Afanasii Matiushenko

Matiushenko, Afanasii Nikolaevich

 

Born May 2 (14), 1879, in the village of Dergachi, now in Kharkov Oblast; died Oct. 20 (Nov. 2), 1907, in Sevastopol’. One of the leaders of the uprising on the battleship Potemkin in 1905. Son of a shoemaker.

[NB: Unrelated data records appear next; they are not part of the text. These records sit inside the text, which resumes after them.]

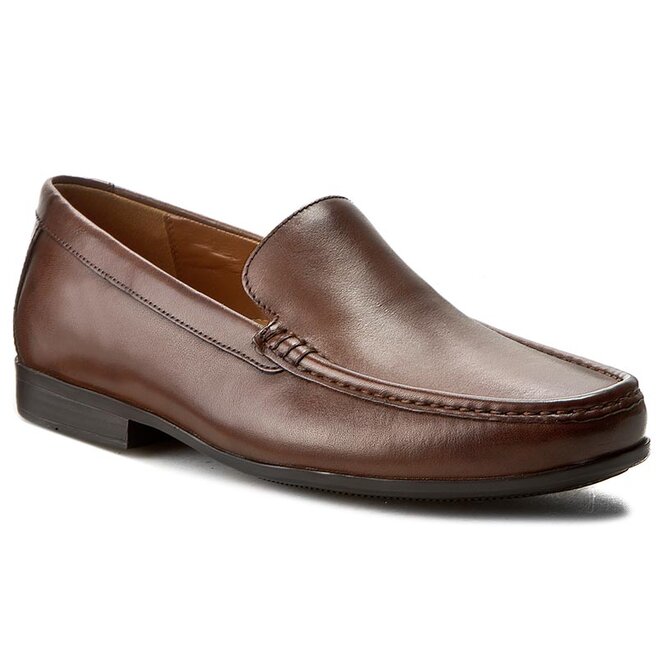 Clarks top claude plain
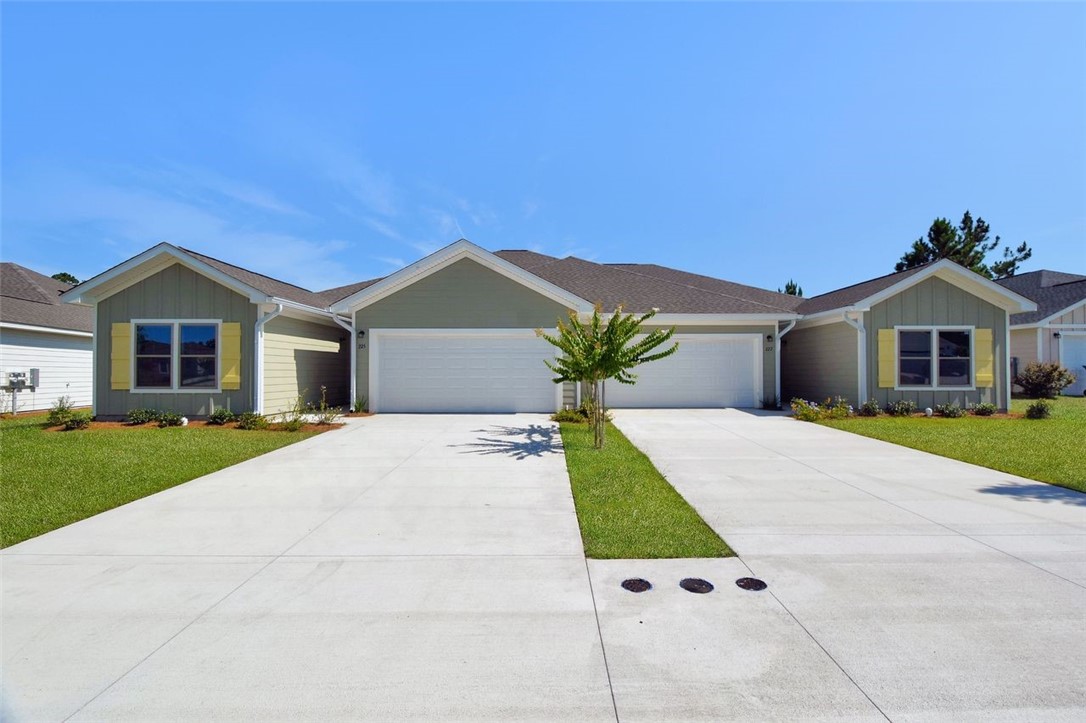 303 Bottlebrush Walk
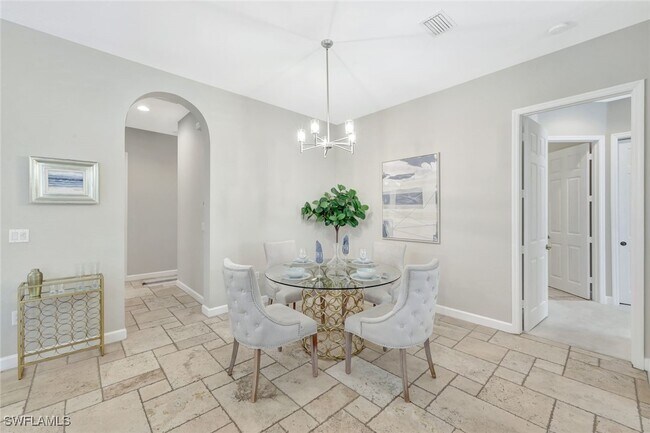 Building Photo - 6119 Manchester Pl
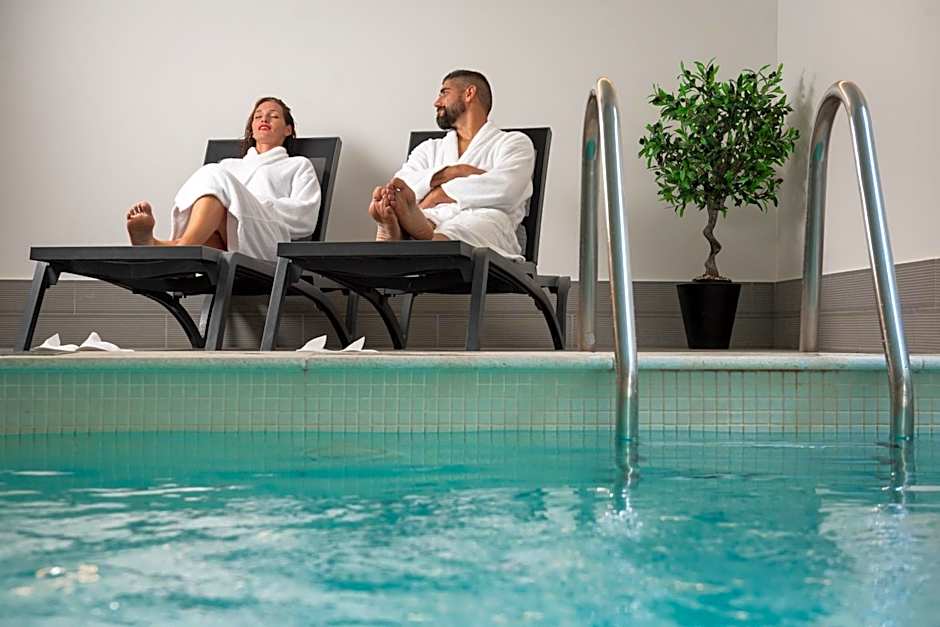 Essence Inn Marianos Hotel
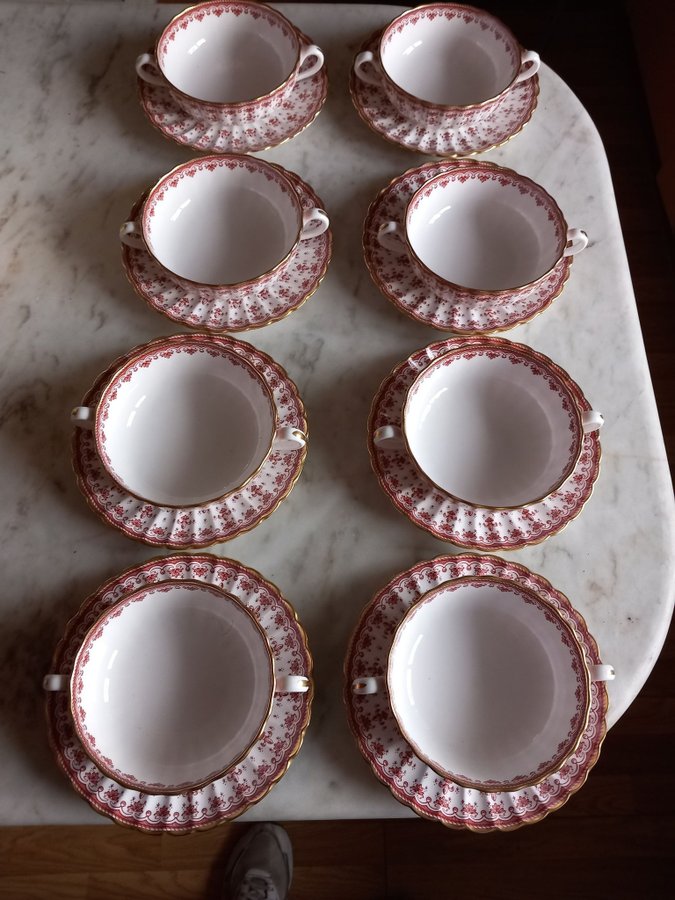 Eight Spode Porcelain Fleur De Lys Red Soup Bowls and Plates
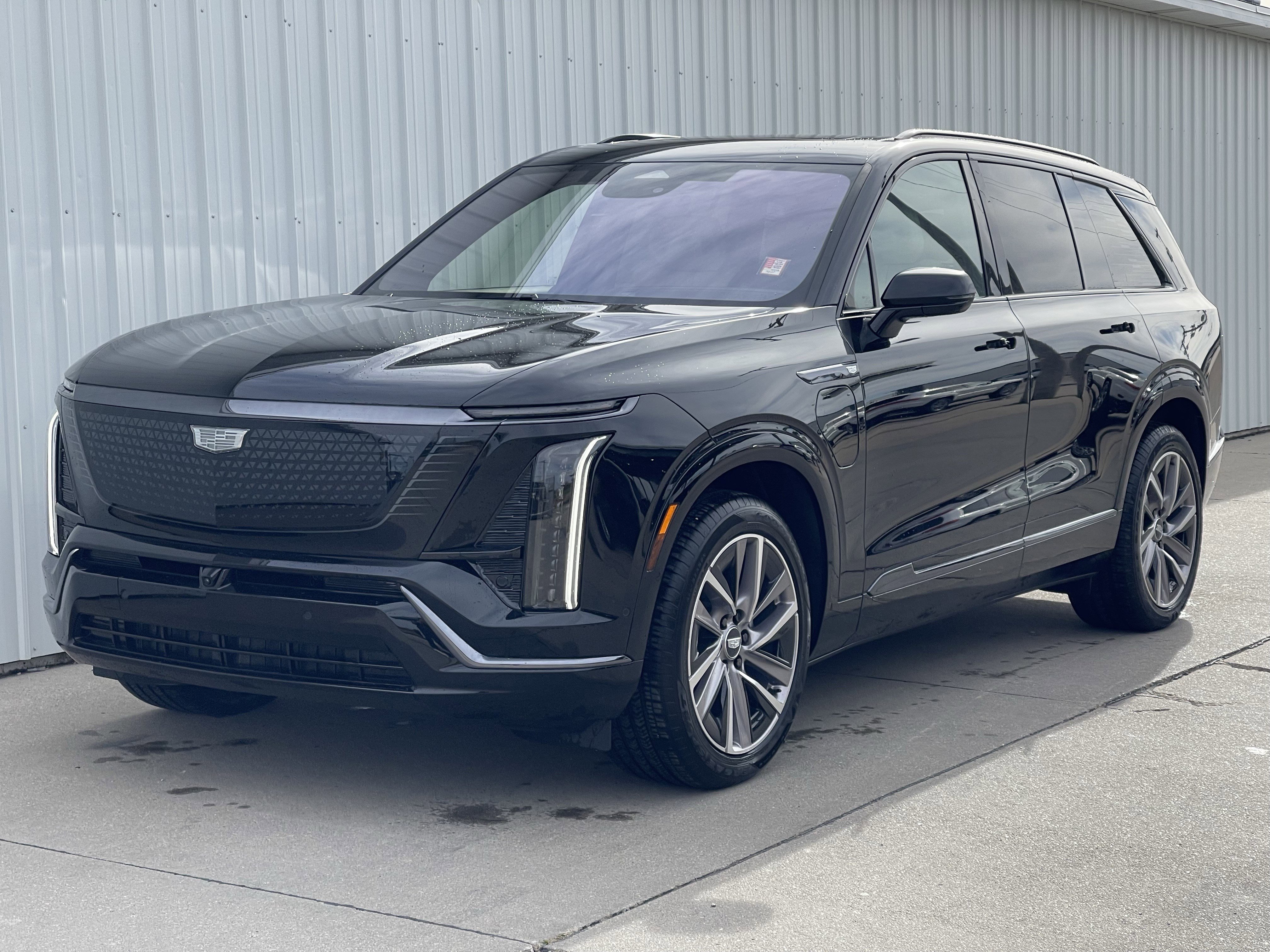 New 2026 Cadillac Vistiq Sport w/ LPO, Floor Liner Package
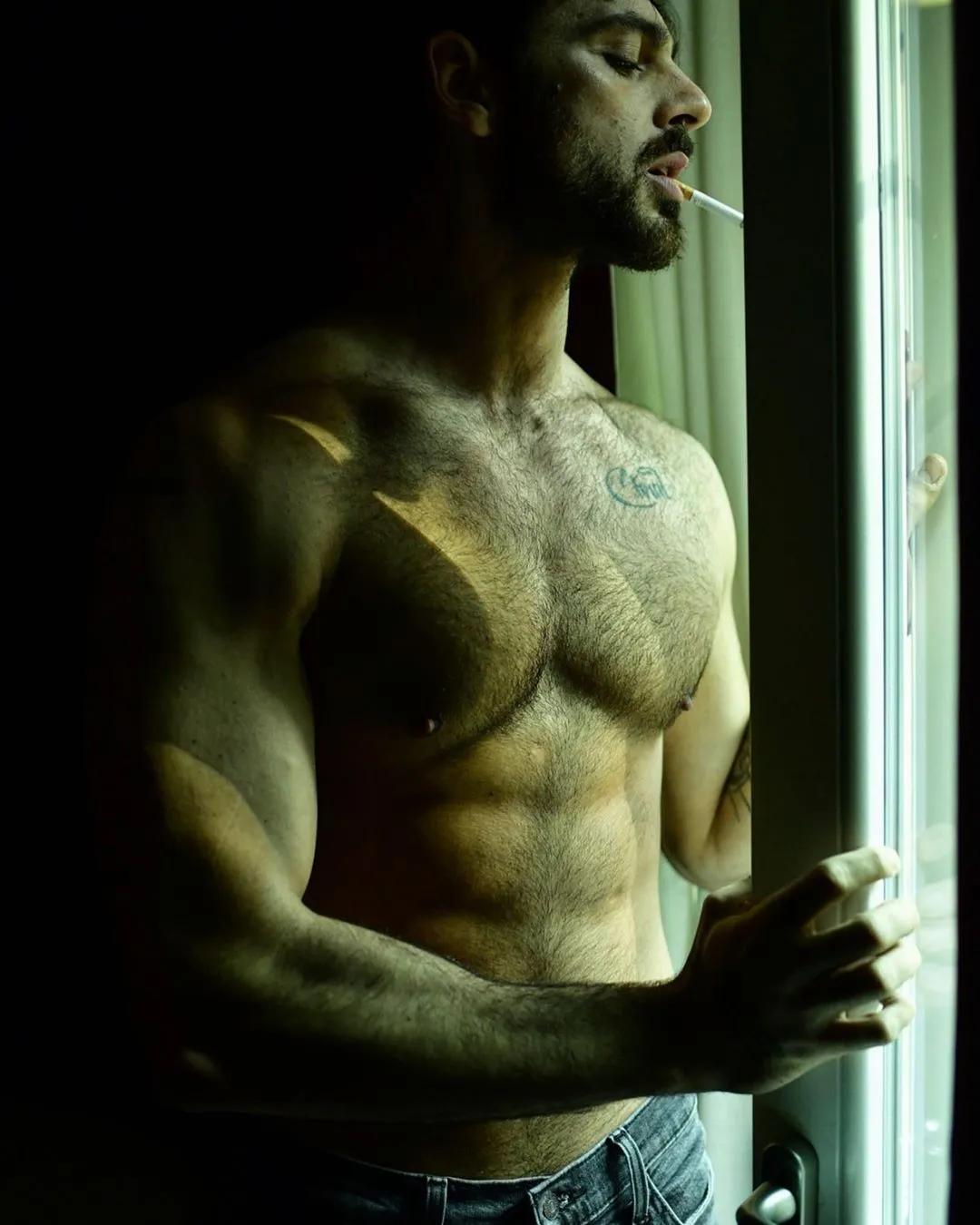 世界上最帅最强壮的肌肉男人,2021全球最帅男面孔第一名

Matiushenko was employed as a worker, first in Kharkov and later in Odessa. In 1900 he began serving in the Black Sea Fleet, becoming later a noncommissioned officer. He established close ties with the Social Democrats and engaged in revolutionary propaganda. In the period of the uprising, between June 14 and 25, he was chairman of the ship’s commission. Subsequently, he emigrated to Switzerland, where he was in contact with V. I. Lenin and became a member of the United Seamen’s Committee. In 1906 he was in Rumania and then America. In 1907, in Paris, he aligned himself with the anarcho-syndicalists. He returned to Russia in June 1907. On July 3 (16) he was arrested in Nikolaev. As a result of the verdict of a naval field tribunal, he was hanged.

REFERENCE

Zadneprovskii, N., and N. Sokolov. Afanasii Matiushenko. Kharkov, 1958.